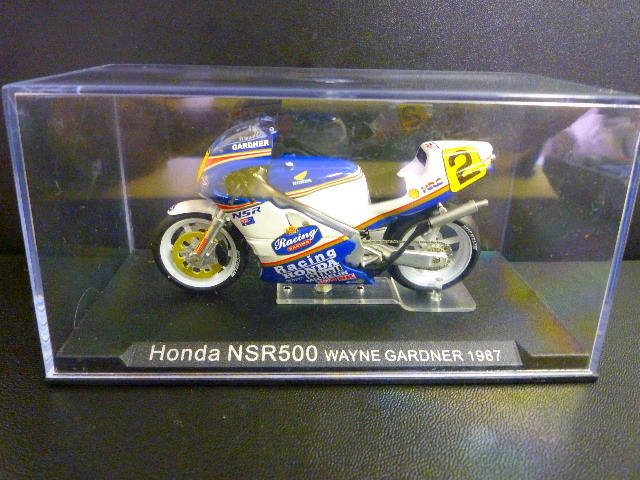 【未開封】 1/24 ホンダ NSR500 #2 ワイン ガードナー HONDA NSR 500 1987 MotoGP ixoの画像7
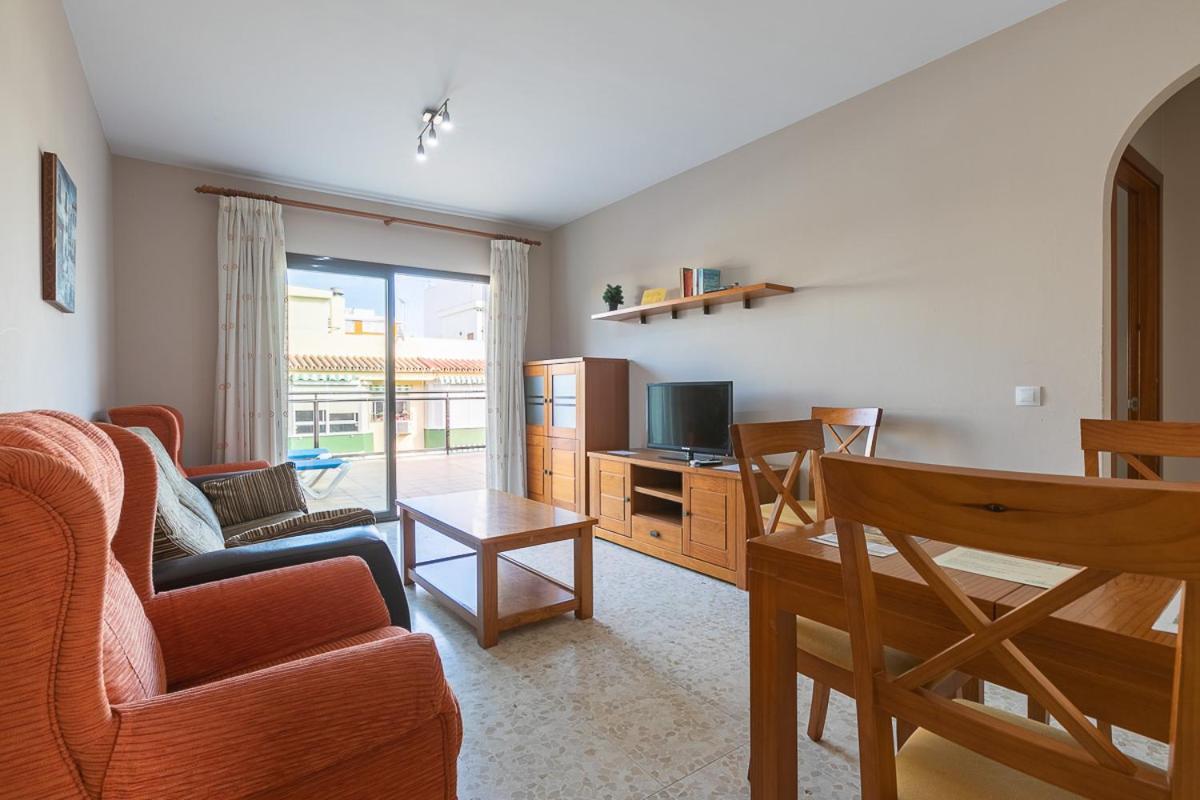 Apartamentos Guerrero Torre Del Mar Dış mekan fotoğraf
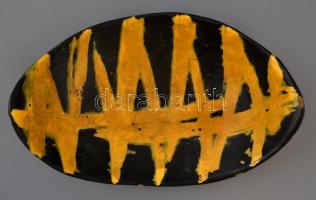 Gorka Lívia (1925-2011): Fekete-sárga tál és váza, festett mázas kerámia, jelzett, apró mázhibákkal,...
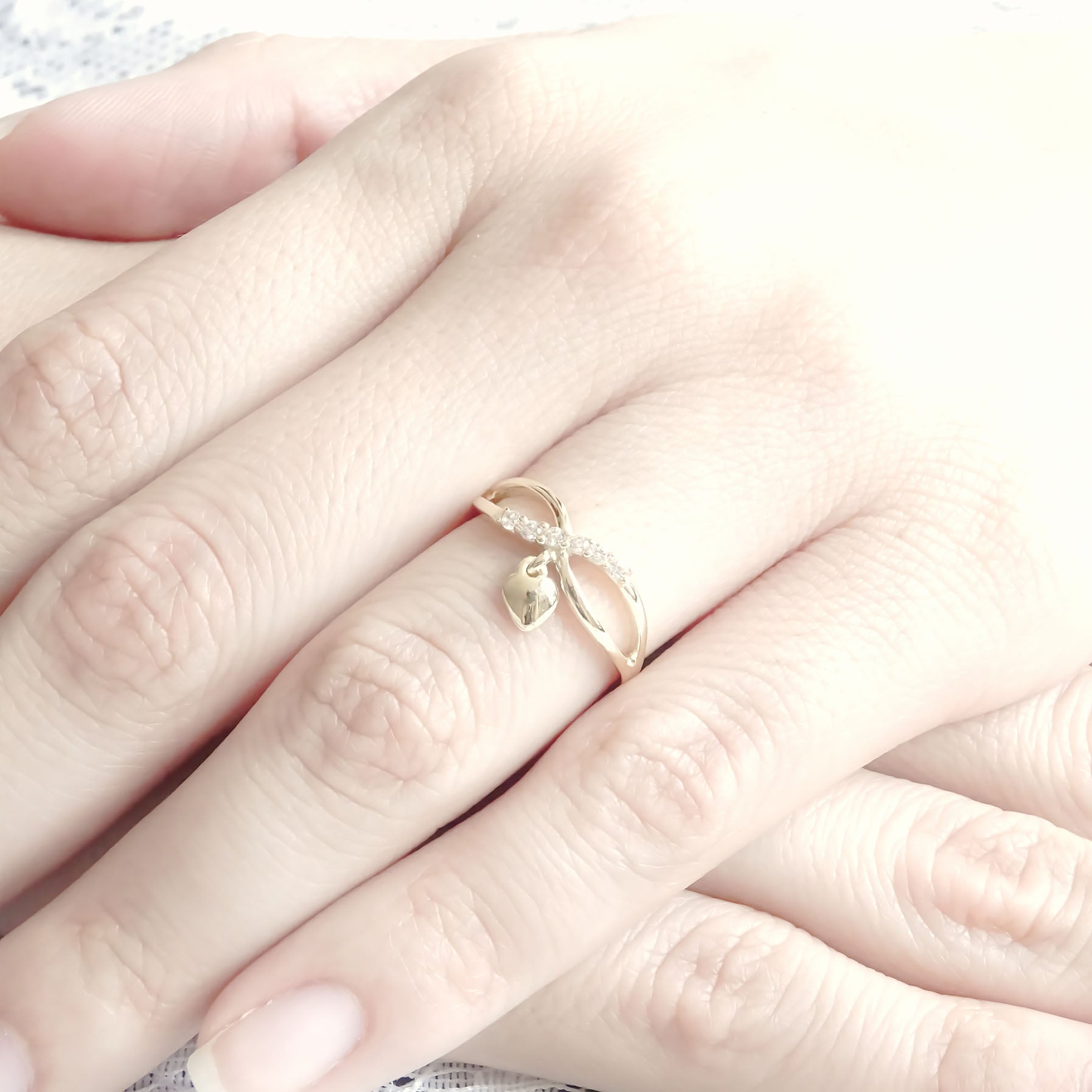 Amor Eterno - Anillo Corazón Colgante / Oro Sólido 10k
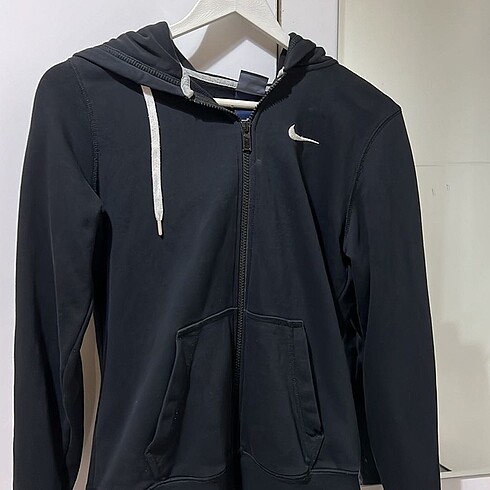 Nike üst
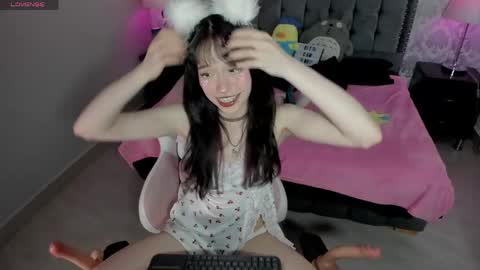 kumicatt  online show from 05/19/26, 07:31
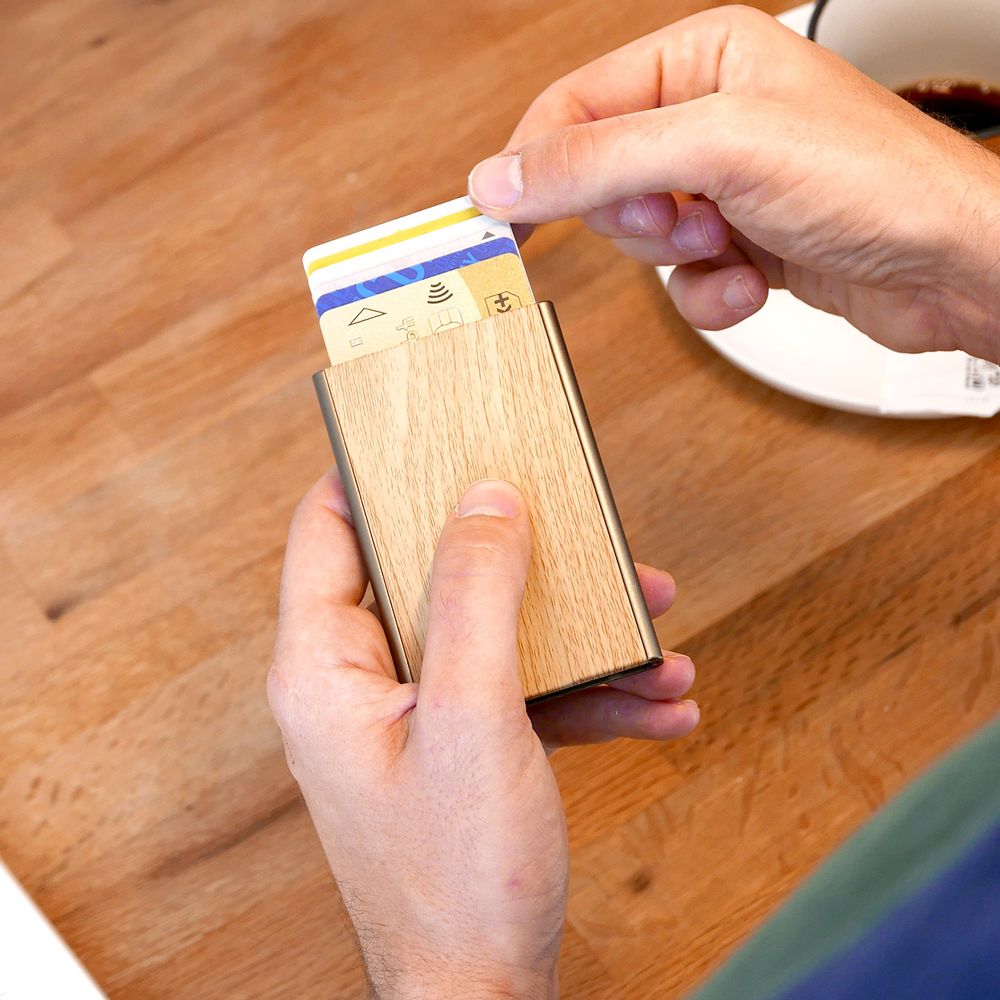 Leather goods - SLIDER - Automatic card holder - ÖGON DESIGN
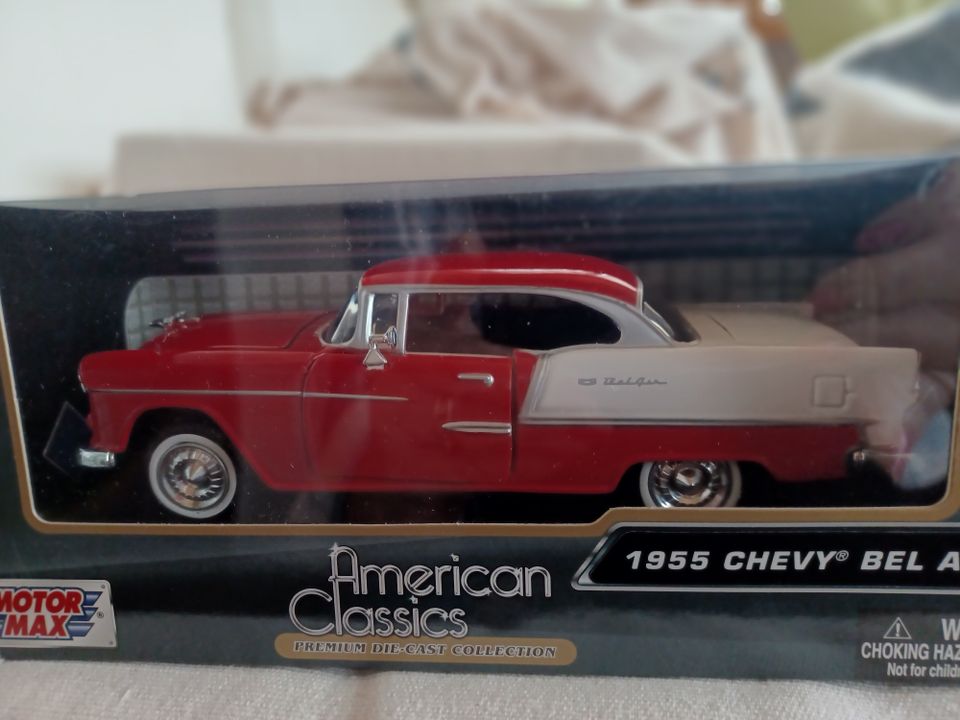 Chevy Bel Air 1955 punavalkoinen, 1:24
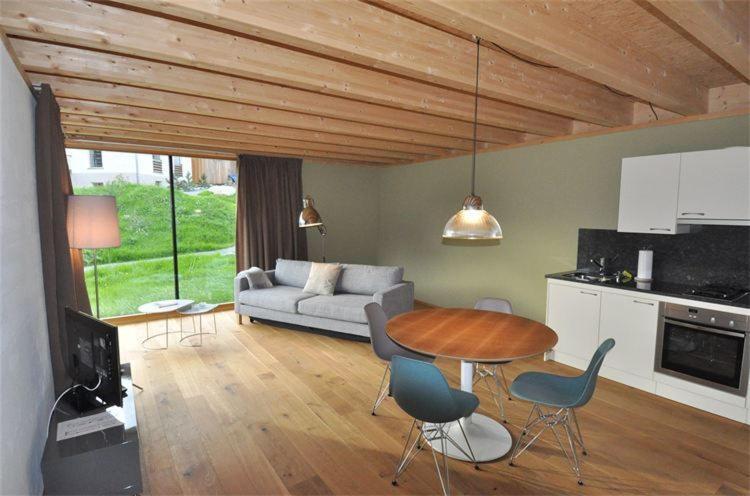 Chasa Paoletta Apartamento Ramosch Exterior foto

——

# TRY IT
Find the line containing "Amor Eterno - Anillo" and copy it and each line after it through the end of the material, exactly, with no pictures.

# THE COMPLETED TASK
 Amor Eterno - Anillo Corazón Colgante / Oro Sólido 10k
 Nike üst
 kumicatt  online show from 05/19/26, 07:31
 Leather goods - SLIDER - Automatic card holder - ÖGON DESIGN
 Chevy Bel Air 1955 punavalkoinen, 1:24
 Chasa Paoletta Apartamento Ramosch Exterior foto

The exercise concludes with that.